▶ **Work to be completed**: Repeat each entry exactly; omit all pictures.

......

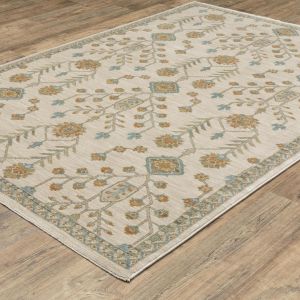 Oriental Weavers Rugs MAEVE MAEVE mae07 Beige/ Rust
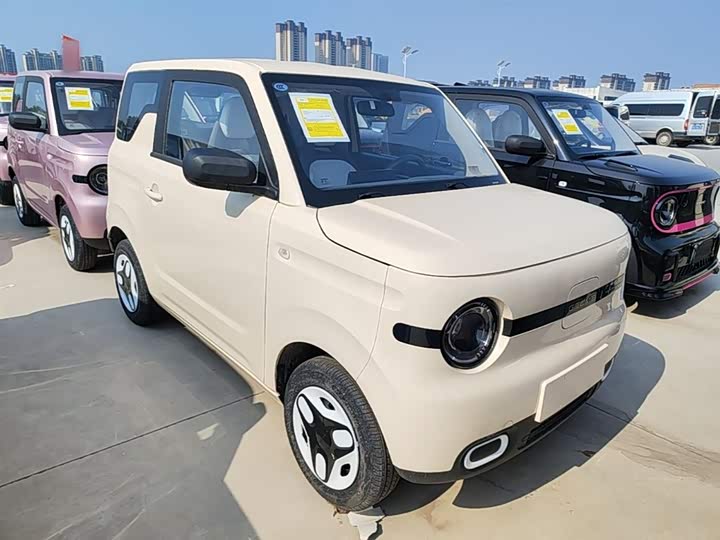 Geely Galaxy Panda Mini, 2025 — фото 4 из 9
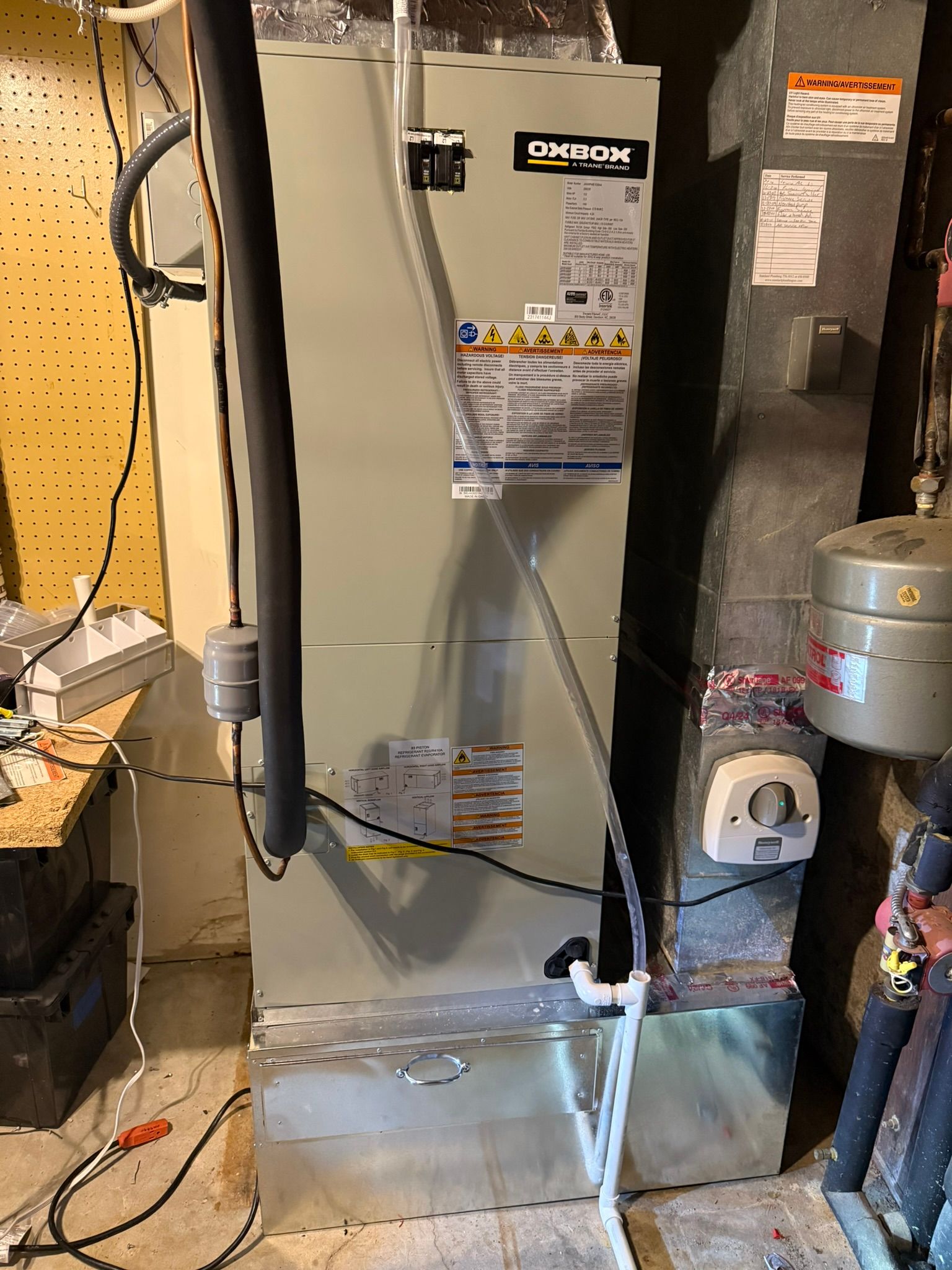  for TJs HVAC Services in Basehor, KS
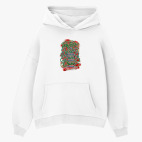 Толстовка худи оверсайз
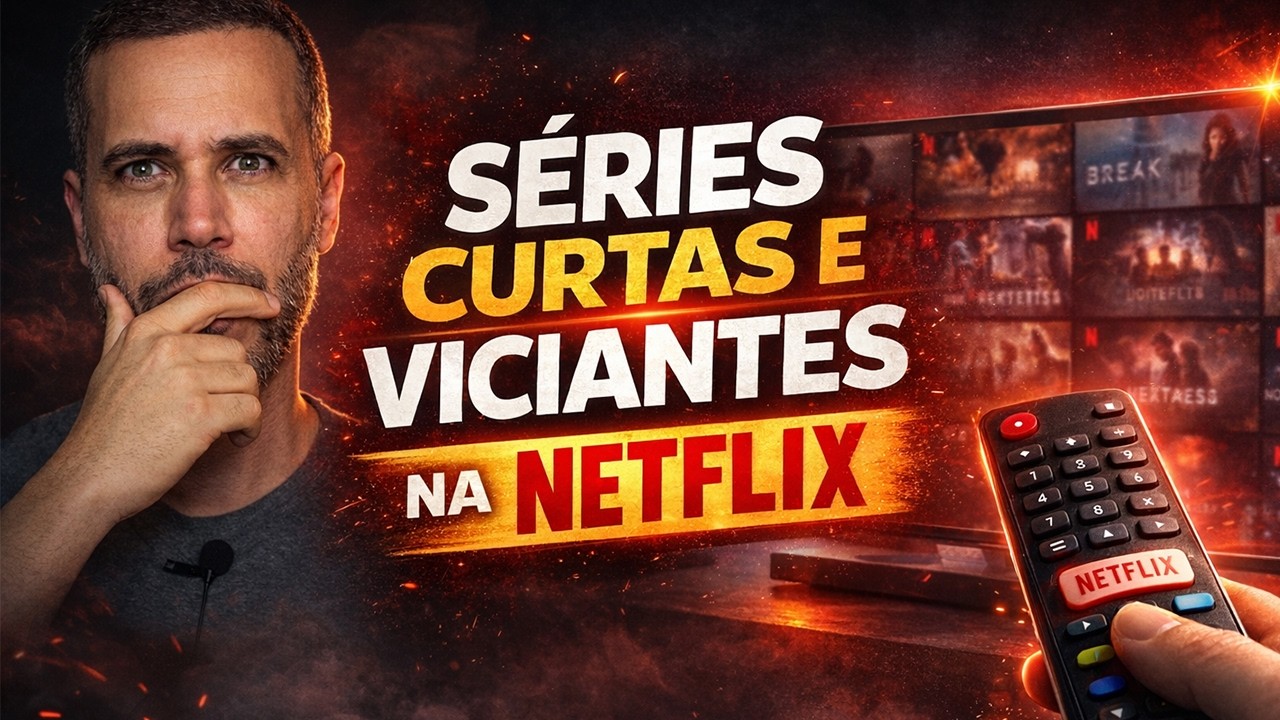 TOP S&Eacute;RIES CURTINHAS NA NETFLIX QUE VOC&Ecirc; VAI DEVORAR !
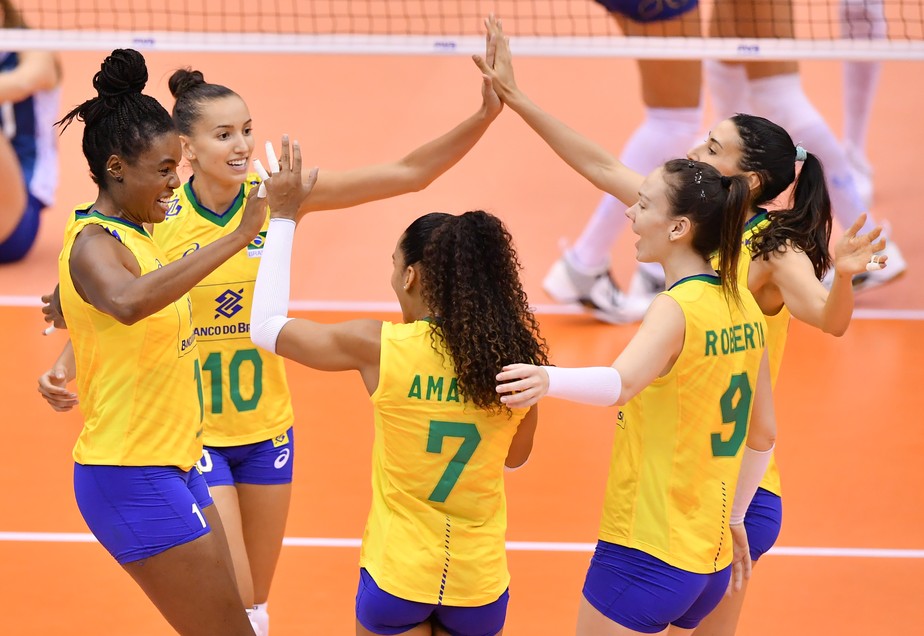 Bloqueio Funciona Bem E Brasil Vence Argentina Com Facilidade Na Copa Do Mundo De Volei Volei Ge Guia completo com imagens e vídeos. brasil vence argentina
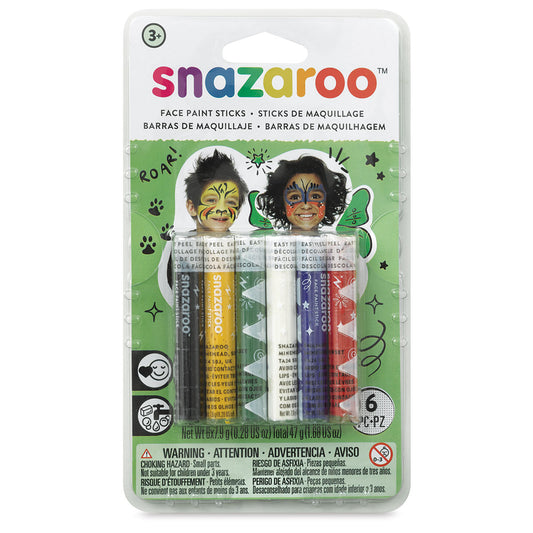 Face Painting Sticks [pk-6]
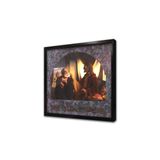 Tablosan Bir Adam Ve İsa Çerçeveli Mdf Tablo 20 X 20 Cm Mb02426
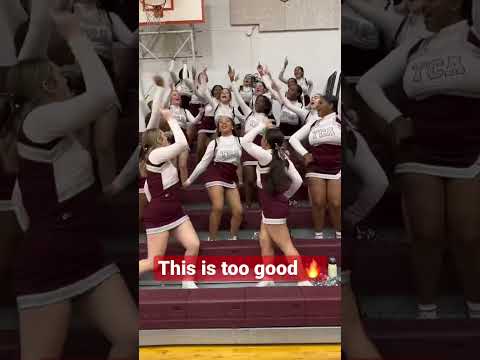This cheer is awesome !🔥👏 #shorts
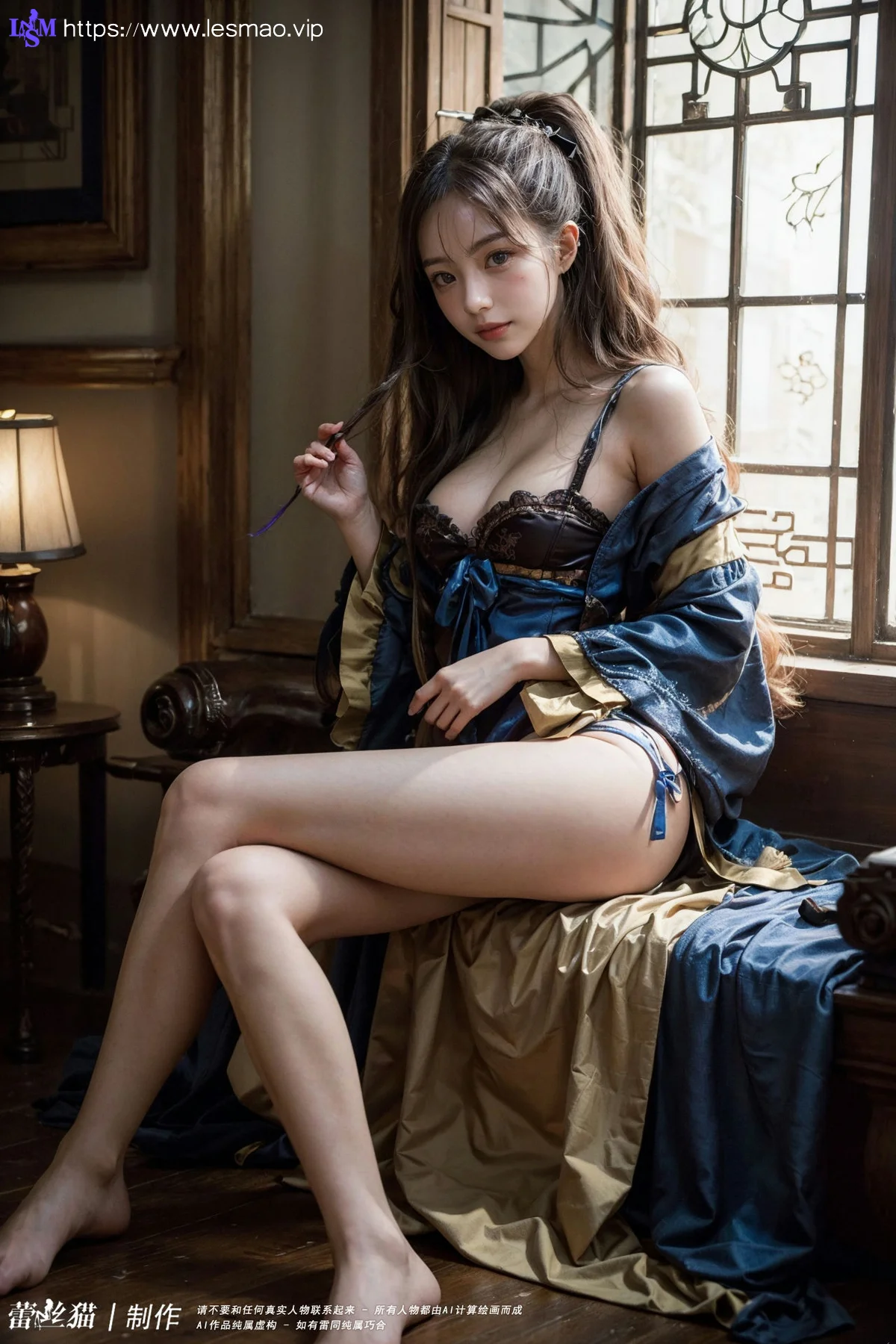 AIG  No.098 爆乳酥胸丝绸宫廷 - 95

......

▶ **Answer to this problem**:
 Oriental Weavers Rugs MAEVE MAEVE mae07 Beige/ Rust
 Geely Galaxy Panda Mini, 2025 — фото 4 из 9
  for TJs HVAC Services in Basehor, KS
 Толстовка худи оверсайз
 TOP S&Eacute;RIES CURTINHAS NA NETFLIX QUE VOC&Ecirc; VAI DEVORAR !
 Bloqueio Funciona Bem E Brasil Vence Argentina Com Facilidade Na Copa Do Mundo De Volei Volei Ge Guia completo com imagens e vídeos. brasil vence argentina
 Face Painting Sticks [pk-6]
 Tablosan Bir Adam Ve İsa Çerçeveli Mdf Tablo 20 X 20 Cm Mb02426
This cheer is awesome !🔥👏 #shorts
 AIG  No.098 爆乳酥胸丝绸宫廷 - 95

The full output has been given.